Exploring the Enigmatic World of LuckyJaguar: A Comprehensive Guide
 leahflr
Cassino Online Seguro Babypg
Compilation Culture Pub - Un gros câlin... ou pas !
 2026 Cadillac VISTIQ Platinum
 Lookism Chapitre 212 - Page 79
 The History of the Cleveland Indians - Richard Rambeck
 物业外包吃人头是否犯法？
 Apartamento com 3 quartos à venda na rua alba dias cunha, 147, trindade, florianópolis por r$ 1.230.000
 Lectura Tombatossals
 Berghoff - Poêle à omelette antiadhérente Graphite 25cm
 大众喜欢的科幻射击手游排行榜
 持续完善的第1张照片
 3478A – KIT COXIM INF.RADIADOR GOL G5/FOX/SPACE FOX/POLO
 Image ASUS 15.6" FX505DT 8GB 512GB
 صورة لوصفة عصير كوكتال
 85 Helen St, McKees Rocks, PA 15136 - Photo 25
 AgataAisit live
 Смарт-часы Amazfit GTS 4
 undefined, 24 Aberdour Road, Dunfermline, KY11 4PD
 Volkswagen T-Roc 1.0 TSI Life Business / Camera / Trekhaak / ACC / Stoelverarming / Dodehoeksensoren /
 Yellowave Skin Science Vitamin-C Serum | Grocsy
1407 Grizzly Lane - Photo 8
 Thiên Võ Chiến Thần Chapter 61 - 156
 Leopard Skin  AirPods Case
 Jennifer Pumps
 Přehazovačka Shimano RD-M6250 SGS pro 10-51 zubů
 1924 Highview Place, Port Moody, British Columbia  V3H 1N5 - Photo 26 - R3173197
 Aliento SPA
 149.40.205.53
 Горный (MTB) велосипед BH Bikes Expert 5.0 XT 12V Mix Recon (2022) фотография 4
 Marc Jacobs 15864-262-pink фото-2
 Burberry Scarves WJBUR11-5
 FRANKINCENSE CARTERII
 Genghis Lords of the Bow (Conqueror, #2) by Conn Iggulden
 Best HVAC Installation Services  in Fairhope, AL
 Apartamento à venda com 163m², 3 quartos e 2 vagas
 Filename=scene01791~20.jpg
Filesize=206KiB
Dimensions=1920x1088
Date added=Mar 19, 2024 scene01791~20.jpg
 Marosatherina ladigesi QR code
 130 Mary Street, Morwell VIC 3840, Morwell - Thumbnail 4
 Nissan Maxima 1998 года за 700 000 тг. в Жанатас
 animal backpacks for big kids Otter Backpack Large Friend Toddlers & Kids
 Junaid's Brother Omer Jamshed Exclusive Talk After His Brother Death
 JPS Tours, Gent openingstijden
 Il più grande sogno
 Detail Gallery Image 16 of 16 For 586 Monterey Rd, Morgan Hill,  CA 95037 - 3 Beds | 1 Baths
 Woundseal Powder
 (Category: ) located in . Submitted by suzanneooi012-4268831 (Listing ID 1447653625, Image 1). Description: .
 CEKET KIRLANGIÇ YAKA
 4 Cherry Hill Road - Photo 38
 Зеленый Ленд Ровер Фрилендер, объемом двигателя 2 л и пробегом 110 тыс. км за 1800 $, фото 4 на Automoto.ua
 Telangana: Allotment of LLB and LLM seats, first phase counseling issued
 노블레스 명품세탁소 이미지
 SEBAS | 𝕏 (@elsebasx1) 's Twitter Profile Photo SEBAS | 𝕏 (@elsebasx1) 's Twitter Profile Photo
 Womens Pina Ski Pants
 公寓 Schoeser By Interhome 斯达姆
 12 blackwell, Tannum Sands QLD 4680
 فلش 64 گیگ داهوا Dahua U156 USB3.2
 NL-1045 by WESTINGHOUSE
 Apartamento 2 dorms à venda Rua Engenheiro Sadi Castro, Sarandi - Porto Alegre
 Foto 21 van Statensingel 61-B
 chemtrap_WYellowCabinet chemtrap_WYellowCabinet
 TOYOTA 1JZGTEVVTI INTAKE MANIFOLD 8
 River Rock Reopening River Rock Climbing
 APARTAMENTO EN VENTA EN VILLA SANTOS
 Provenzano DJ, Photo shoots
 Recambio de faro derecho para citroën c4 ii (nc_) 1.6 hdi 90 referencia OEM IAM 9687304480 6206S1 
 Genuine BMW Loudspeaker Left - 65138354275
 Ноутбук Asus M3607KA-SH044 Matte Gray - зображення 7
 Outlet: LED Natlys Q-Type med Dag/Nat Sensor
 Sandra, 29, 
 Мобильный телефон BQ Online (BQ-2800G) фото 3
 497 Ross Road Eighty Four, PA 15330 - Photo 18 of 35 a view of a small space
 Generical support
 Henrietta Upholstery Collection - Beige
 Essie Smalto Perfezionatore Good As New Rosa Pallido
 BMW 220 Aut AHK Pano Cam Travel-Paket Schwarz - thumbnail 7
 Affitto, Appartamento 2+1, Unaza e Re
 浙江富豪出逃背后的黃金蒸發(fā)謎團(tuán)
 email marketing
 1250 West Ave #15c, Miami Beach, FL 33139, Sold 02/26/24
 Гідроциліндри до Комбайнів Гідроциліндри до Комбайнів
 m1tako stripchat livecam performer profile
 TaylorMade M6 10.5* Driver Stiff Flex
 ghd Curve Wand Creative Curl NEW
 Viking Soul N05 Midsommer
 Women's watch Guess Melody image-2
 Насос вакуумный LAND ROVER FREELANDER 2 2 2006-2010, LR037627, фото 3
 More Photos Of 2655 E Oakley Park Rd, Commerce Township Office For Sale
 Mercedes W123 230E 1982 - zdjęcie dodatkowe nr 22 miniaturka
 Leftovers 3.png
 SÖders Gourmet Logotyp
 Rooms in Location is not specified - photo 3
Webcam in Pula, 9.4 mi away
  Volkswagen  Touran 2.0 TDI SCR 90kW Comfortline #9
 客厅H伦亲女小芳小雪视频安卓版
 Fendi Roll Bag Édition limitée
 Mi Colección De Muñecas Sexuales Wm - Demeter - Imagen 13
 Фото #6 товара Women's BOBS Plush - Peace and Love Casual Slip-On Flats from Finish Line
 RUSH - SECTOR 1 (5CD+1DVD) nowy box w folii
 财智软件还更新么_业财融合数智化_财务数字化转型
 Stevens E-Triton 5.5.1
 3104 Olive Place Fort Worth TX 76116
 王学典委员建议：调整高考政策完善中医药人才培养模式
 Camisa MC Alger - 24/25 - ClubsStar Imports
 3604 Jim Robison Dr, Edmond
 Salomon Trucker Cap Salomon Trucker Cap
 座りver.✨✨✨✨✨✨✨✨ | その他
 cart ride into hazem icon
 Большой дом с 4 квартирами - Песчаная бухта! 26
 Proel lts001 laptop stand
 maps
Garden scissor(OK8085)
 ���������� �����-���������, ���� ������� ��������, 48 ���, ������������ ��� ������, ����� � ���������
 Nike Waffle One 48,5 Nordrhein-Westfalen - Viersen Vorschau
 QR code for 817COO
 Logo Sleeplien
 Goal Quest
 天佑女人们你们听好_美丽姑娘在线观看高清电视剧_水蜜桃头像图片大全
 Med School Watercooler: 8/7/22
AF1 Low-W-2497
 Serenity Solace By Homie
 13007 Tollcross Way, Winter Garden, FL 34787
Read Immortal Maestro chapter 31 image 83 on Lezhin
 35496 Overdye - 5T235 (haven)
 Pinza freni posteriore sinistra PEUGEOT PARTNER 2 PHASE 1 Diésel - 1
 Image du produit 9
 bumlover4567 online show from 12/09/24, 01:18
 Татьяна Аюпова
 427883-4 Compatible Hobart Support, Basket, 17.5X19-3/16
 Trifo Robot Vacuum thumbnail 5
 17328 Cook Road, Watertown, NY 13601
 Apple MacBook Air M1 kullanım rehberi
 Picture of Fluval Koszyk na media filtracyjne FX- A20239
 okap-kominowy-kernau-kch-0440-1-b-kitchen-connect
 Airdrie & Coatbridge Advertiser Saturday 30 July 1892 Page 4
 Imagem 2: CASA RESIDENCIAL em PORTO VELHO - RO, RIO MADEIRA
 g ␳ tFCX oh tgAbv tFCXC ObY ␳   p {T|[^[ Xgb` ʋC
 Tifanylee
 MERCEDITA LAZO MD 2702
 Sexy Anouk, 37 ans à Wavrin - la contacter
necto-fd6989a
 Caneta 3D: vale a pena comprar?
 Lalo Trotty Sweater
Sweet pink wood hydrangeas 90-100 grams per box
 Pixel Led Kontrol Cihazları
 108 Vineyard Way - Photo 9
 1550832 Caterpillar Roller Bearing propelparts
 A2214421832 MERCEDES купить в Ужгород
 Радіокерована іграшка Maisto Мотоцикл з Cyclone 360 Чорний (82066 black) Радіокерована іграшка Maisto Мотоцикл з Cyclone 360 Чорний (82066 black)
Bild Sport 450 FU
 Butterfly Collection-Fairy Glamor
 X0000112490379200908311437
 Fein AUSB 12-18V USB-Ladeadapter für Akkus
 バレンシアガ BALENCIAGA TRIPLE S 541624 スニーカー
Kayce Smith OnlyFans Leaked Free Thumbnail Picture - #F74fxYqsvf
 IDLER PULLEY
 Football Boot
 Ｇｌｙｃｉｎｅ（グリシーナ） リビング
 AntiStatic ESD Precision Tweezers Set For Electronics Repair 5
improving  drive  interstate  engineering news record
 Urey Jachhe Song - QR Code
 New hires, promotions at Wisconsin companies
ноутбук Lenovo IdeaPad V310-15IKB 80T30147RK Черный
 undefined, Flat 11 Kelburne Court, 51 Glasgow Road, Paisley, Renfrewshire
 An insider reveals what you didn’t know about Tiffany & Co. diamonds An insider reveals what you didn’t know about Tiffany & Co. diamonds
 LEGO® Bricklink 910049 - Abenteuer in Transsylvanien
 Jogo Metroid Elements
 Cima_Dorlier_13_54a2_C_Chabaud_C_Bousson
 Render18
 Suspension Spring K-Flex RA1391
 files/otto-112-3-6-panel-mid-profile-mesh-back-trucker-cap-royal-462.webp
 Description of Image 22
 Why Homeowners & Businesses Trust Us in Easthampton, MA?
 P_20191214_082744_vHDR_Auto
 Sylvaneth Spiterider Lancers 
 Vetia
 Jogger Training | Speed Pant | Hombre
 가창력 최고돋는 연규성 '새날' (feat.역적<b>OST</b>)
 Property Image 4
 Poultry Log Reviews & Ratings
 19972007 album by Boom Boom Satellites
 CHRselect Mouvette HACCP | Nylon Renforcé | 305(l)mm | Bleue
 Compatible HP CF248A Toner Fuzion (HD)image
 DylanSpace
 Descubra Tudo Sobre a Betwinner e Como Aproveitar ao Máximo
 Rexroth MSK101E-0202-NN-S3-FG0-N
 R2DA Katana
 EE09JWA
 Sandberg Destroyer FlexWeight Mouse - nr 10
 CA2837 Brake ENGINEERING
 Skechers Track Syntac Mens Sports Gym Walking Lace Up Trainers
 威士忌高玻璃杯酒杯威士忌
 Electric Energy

--

= Work required =
Show each line from the material above where the string "Place" can be found.

= Result =
 1924 Highview Place, Port Moody, British Columbia  V3H 1N5 - Photo 26 - R3173197
 3104 Olive Place Fort Worth TX 76116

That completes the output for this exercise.